[EXERCISE BRIEF]: Repeat exactly the lines beginning at the one that contains "This concludes our" and running to the end of the material. Omit the pictures.

[DATA SECTION]:
+--

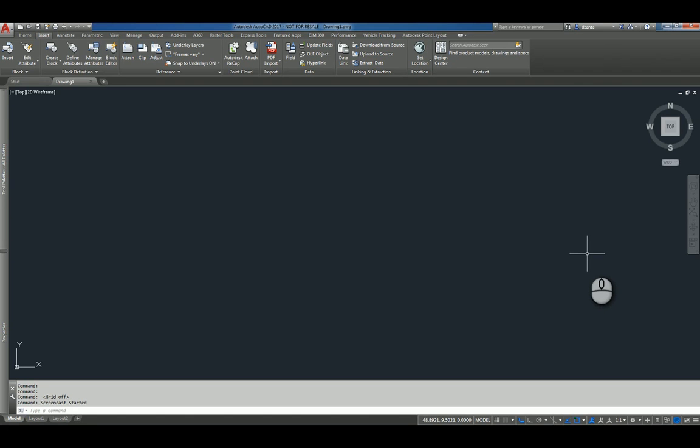Hi everyone, and welcome to another Autodesk screencast video by Zonta of Repro Products. This screencast video will showcase how to import a PDF file into AutoCAD. It will also take a look at how to attach a PDF file into AutoCAD.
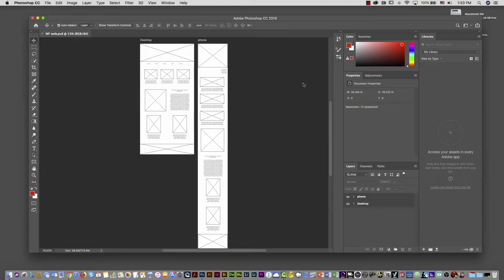Hello guys, this is Eugenio Solis de Bando and in this video I'm going to show you how you can convert this wireframe into a real mock-up using Photoshop CC 2019, and then in the following video I'm going to show you how you can convert this into HTML and CSS using Dreamweaver 2019. Alright, let's start.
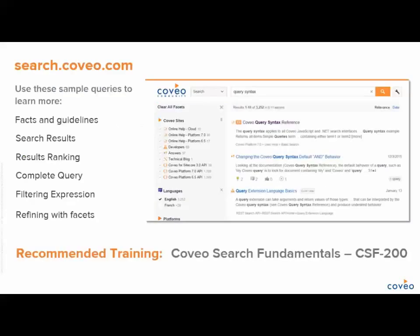This concludes our training on an introduction to Coveo Search. To learn more and practice using some of the features taught in this course, visit search.coveo.com. Additionally, you can take the next course in this series — register for our course on Coveo Fundamentals. To learn more about Coveo, visit us at Coveo.com.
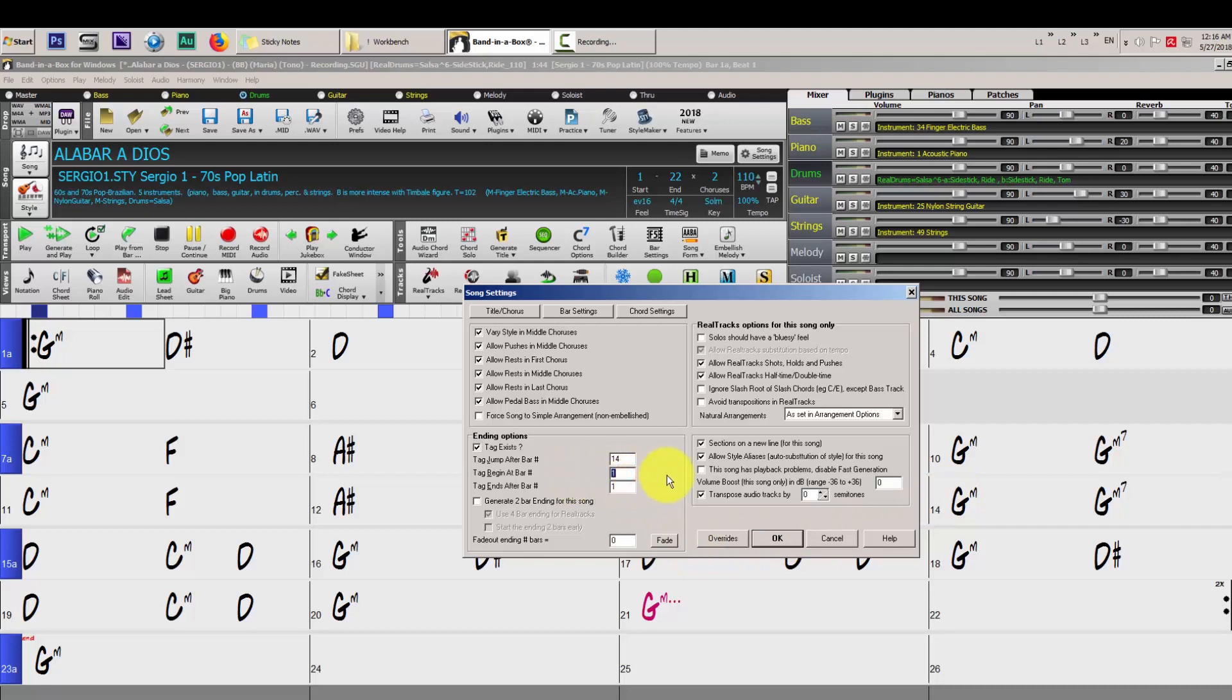On the next option that says tag begins at bar number, we are going to type the beginning of our custom ending, which is bar 15. The last option where it says tag end after bar number, we are going to type the ending, the last bar of our custom ending, which is bar 22.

+--

[OUTPUT OF THE EXERCISE]:
This concludes our training on an introduction to Coveo Search. To learn more and practice using some of the features taught in this course, visit search.coveo.com. Additionally, you can take the next course in this series — register for our course on Coveo Fundamentals. To learn more about Coveo, visit us at Coveo.com.
On the next option that says tag begins at bar number, we are going to type the beginning of our custom ending, which is bar 15. The last option where it says tag end after bar number, we are going to type the ending, the last bar of our custom ending, which is bar 22.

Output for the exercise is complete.